"Finding Peace in the Old West"
Based on a true story, the modern western REDEMPTION: FOR ROBBING THE DEAD tells the story of the sheriff Henry Heath who brings to justice one of the most prolific grave robbers, Jean Baptiste, in 1862. Henry Heath is one tough sheriff, but he and his wife are being broken over the sickness of their daughter, Caroline, who’s slowly dying. Henry’s wife, Lucille, goes to the funeral director with a baptismal dress for her daughter to be buried.
The gravedigger, Jean Baptiste, has been digging up the graves late at night and stealing the clothes. He employs his wife, Marlis, in boiling and washing the clothes. He gets caught stealing the suit of clothes Henry bought for an outlaw he shot. The outlaw’s brother confronts Henry with the fact that he went to give his brother a decent burial but he was naked.
With a little investigation, Henry finds out Jean Baptiste is the grave robber. Jean Baptist is branded on his forehead with a logo for his crime and sentenced to live on an island in the Great Salt Lake. Everyone hates Jean Baptiste. Many of the townfolk want revenge because their loved ones were part of Baptiste’s ghoulish grave robbing.
Henry, however, hears that Baptiste lost a child, a little girl, when he was young. So, he starts to row out to the island to take care of Baptiste. The townfolk turn against Henry.
Everything comes to a head when Henry finds out Baptiste robbed Carline’s grave. Hate, revenge, murder, and unforgiveable sins burden not just Baptiste but also Henry. So, the question is, is there any redemption?
REDEMPTION is a beautifully photographed movie with some terrific understated acting. It has a haunting, compelling score. Regrettably, it drags in the middle because the plot switches from capturing the grave robber to dealing with sins. The Gospel is clearly presented by Jean Baptiste of all people, but regrettably this simple man throws a Gnostic twist into his presentation by suggesting that the soul and the body are separate, a Greek concept that doesn’t agree with the resurrection of the complete person. He does mention, however, the resurrection of Jesus Christ. There is prayer and eventual forgiveness and redemption. With some judicious editing, REDEMPTION would have been much better.

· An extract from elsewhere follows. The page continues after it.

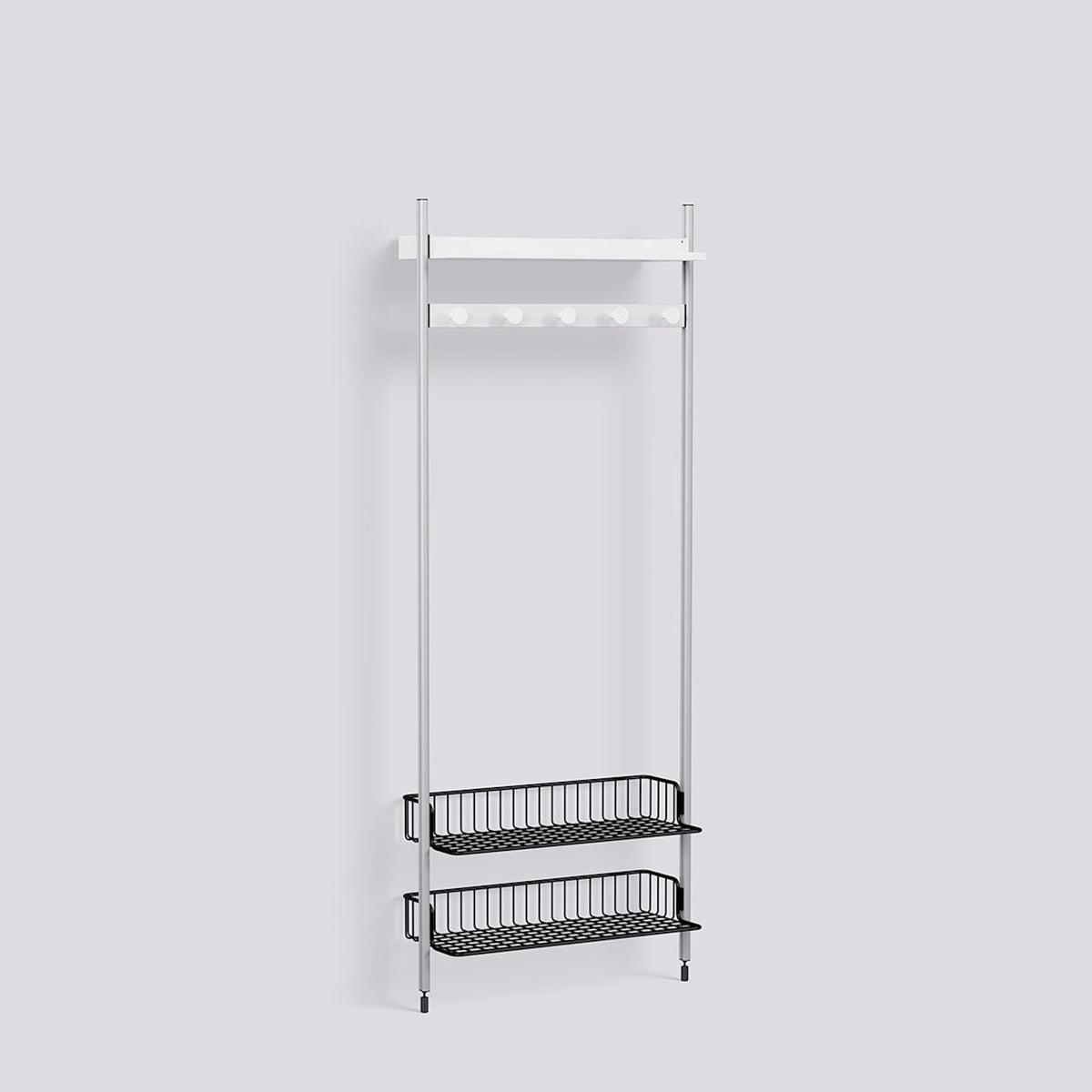 Étagère modulable Pier System 1051 1 colonne de Ronan et Erwan Bouroullec - Hay-Acier laqué blanc, profilé aluminium anodisé naturel - Acier laqué noir-The Woods Gallery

(CC, BB, FR, L, VV, N, M) Overt Christian, moral worldview with a presentation of the Gospel and a moment of forgiveness, prayer and reconciliation, marred by a Gnostic comment that the body stays in the ground and the soul lives in Heaven when the Christian view is the resurrection of the total person; two light obscenities; holdups, beatings, gunplay, shootings, implied branding of a person, but all done without excessive blood or violence; no sex scenes but marital kissing; upper male nudity; no drinking; no smoking; and, grave robbing, revenge.
REDEMPTION: FOR ROBBING THE DEAD follows the story of Henry Heath, a law officer in 1862 Salt Lake City. Henry finds himself responsible for the wellbeing of a prisoner he despises, an impoverished French immigrant named Jean Baptiste. Baptiste has been convicted of robbing the graves of the recently deceased. He’s exiled to Antelope Island in the Great Salt Lake. Henry learns that, like he and his wife, Baptiste lost a child, a little girl, when he was young. With no one willing to look after Baptist, Henry becomes his sole defense against the hostile environment and the local community’s contempt.
REDEMPTION is a beautifully photographed movie with some terrific understated acting. It has a haunting, compelling score. Regrettably, it drags in the middle because the plot switches from capturing the grave robber to dealing with sins. However, the Gospel of Jesus Christ is clearly presented, despite some false Gnostic teaching about separation between the soul and the body. Also, prayer and forgiveness are extolled. Some judicious editing would make REDEMPTION much better.